Task to complete — Beginning with the line containing "Бывший президент НСА Дэвид Кин (2012 год)" and going on through the line containing "Чорний Ауді А6, об'ємом", the lines below are to be returned exactly, pictures excluded and nothing added.

Input —
Start of Block
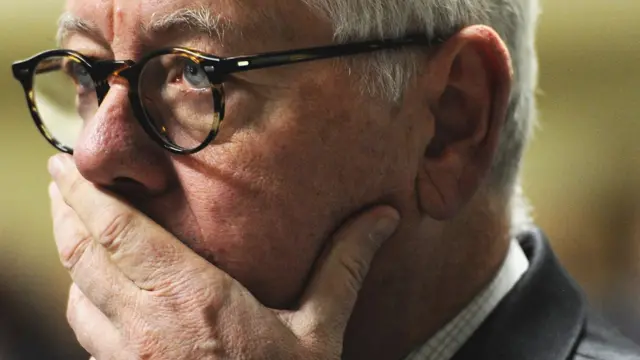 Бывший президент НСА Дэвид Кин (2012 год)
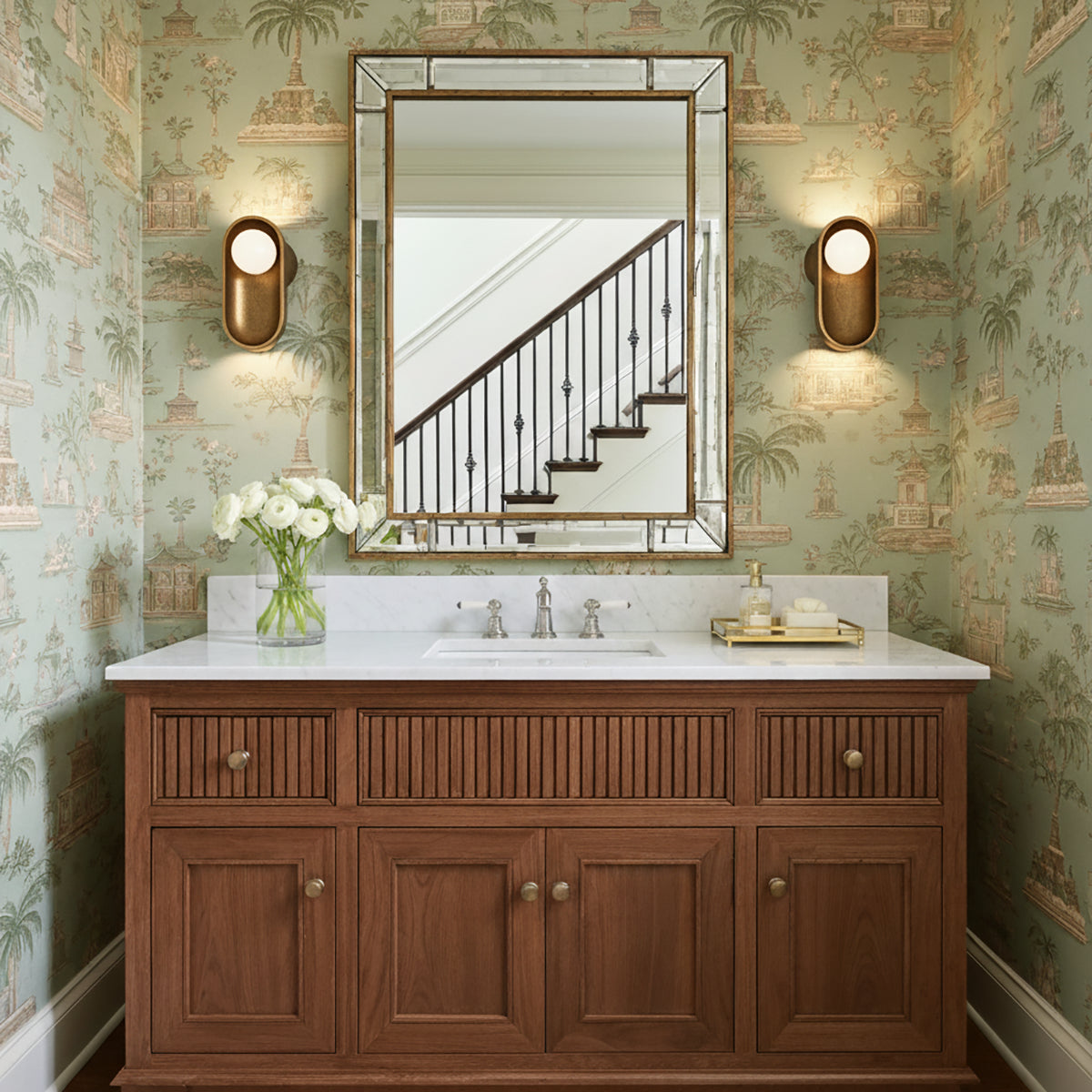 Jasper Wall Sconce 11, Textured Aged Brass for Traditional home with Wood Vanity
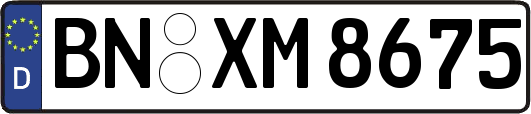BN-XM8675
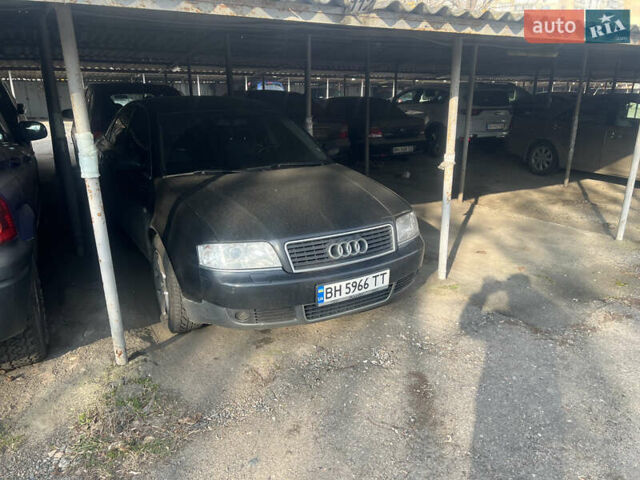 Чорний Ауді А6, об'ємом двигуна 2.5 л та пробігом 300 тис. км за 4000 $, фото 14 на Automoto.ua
End of Block
Start of Block
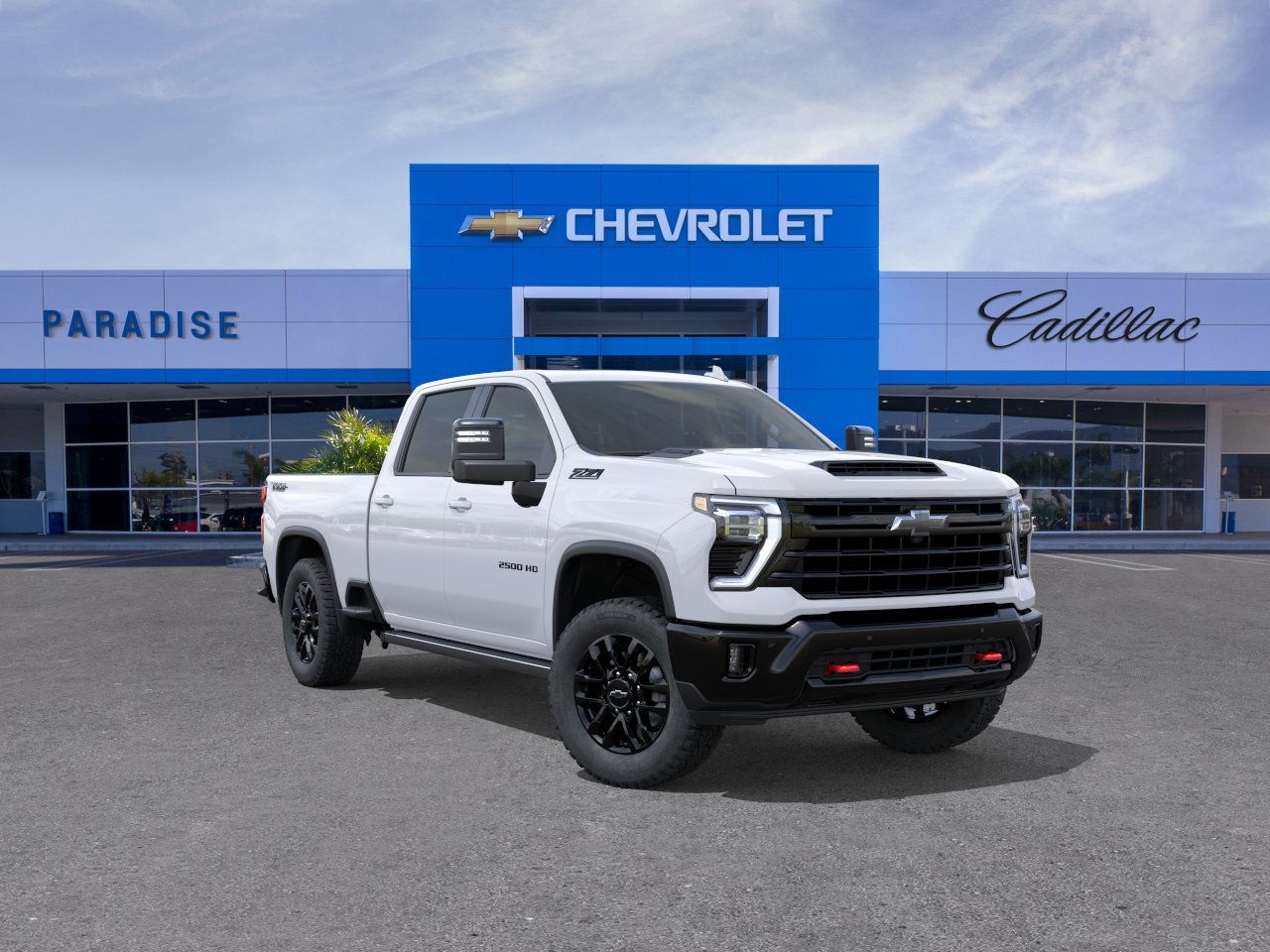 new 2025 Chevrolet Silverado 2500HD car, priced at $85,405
End of Block
Exercise response —
 Бывший президент НСА Дэвид Кин (2012 год)
 Jasper Wall Sconce 11, Textured Aged Brass for Traditional home with Wood Vanity
BN-XM8675
 Чорний Ауді А6, об'ємом двигуна 2.5 л та пробігом 300 тис. км за 4000 $, фото 14 на Automoto.ua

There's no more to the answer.